Collaborative Research: A New Instrument for the Large Binocular Telescope to Expand Study of the Composition of Exoplanetary Atmospheres

合作研究：大型双筒望远镜的新仪器扩大了系外行星大气成分的研究

• 批准号: 1608809
• 负责人: Philip Hinz
• 金额: $ 18.39万
• 依托单位: University of Arizona
• 依托单位国家: 美国
• 项目类别: Standard Grant
• 财政年份: 2016
• 资助国家: 美国
• 起止时间: 2016-09-01 至 2021-08-31
• 项目状态: 已结题
• 来源: https://www.nsf.gov/awardsearch/showAward?AWD_ID=1608809&HistoricalAwards=false
• 关键词: Collaborative; Research; New; Instrument; Large

During the past 20 years, astronomers have discovered thousands of planets around other stars. It is extremely hard to study these so-called "exoplanets," because the glare of light from their parent stars hides them. Turbulence in Earth's atmosphere greatly complicates studies using large ground-based telescopes. To counteract this effect, most large telescopes now employ a technique called "adaptive optics," or AO, to stabilize the image of a star. With the image stabilized, astronomers can use other devices to suppress most of the starlight, enabling them to study the much fainter exoplanets around them. Many of the giant exoplanets radiate at thermal infrared wavelengths. Capitalizing on this fact, the Investigators will develop a spectrograph to operate at these wavelengths for installation on the Large Binocular Telescope, or LBT. The LBT, located on a mountaintop in Arizona, consists of twin 8.4-meter-diameter telescopes that already use AO. A prototype of the new spectrograph is already in operation on the LBT. This project serves the national interest by developing a state-of-the-art instrument that will be used to promote our knowledge of the composition of exoplanets. The Intellectual Merit of the project comes from the ability of the new spectrograph to carry out studies of exoplanets, disks around young stars, and bodies in our Solar System. The Broader Impacts involve the training of graduate students who will become the next generation of instrument developers.The Investigators will develop the world's first adaptive-optics-fed, integral-field spectrograph for the thermal infrared and integrate it into the twin 8.4-meter Large Binocular Telescope. A prototype of the instrument, dubbed "ALES," developed by the same team, is already in operation and producing high-contrast imaging and spectroscopy. The modular aspect of the instrument, which is afforded by filter wheels that contain a variety of optical components, is a novel and flexible feature. The Intellectual Merit of the project derives from its potential to obtain spectra of gas-giant exoplanets and other astronomical objects that radiate in the thermal infrared, pointing the way to interesting science observations in the future. The Broader Impacts are focused on developing graduate students with the skills necessary to design the next generation of astronomical instrumentation.

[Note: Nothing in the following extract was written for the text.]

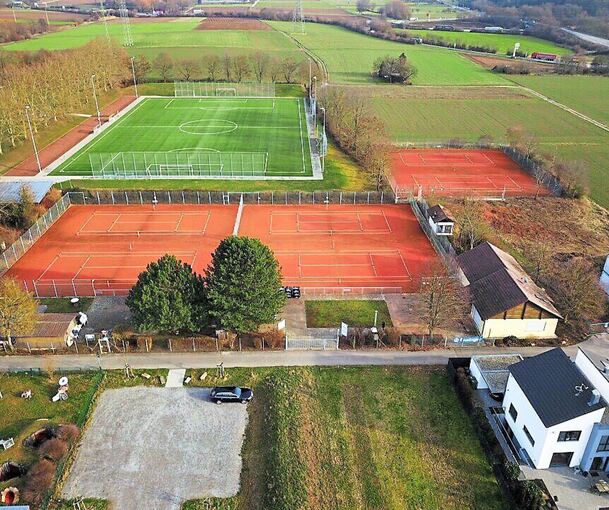Ein Blick auf die Tennisanlage am Pleidelsheimer Ortsrand, aufgenommen im Jahr 2019 (links). Damals waren die Padelplätze noch nicht gebaut.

在过去的20年里，天文学家已经发现了数千颗围绕其他恒星运行的行星。研究这些所谓的“系外行星”是非常困难的，因为它们的母恒星发出的强光掩盖了它们。地球大气中的湍流使大型地面望远镜的研究变得非常复杂。为了抵消这种影响，现在大多数大型望远镜都采用一种叫做“自适应光学”（AO）的技术来稳定恒星的图像。随着图像的稳定，天文学家可以使用其他设备来抑制大部分星光，使他们能够研究周围更微弱的系外行星。许多巨大的系外行星以热红外波长辐射。利用这一事实，研究人员将开发一种摄谱仪，用于安装在大型双筒望远镜（LBT）上的这些波长。LBT位于亚利桑那州的山顶，由一对直径8.4米的望远镜组成，它们已经使用了AO。新光谱仪的原型已经在LBT上运行。这个项目通过开发一种最先进的仪器来促进我们对系外行星组成的了解，从而符合国家利益。该项目的智力价值来自于新光谱仪对系外行星、年轻恒星周围的圆盘和太阳系天体进行研究的能力。更广泛的影响包括培养将成为下一代仪器开发人员的研究生。研究人员将开发世界上第一个用于热红外的自适应光学馈电积分场光谱仪，并将其集成到双8.4米大型双目望远镜中。该仪器的一个原型，被称为“ALES”，由同一个团队开发，已经投入使用，并产生高对比度成像和光谱学。该仪器的模块化方面是由包含各种光学元件的滤光轮提供的，是一种新颖而灵活的功能。该项目的智力价值在于，它有可能获得气态巨行星和其他热红外天体的光谱，为未来有趣的科学观测指明道路。“更广泛的影响”侧重于培养具有设计下一代天文仪器所需技能的研究生。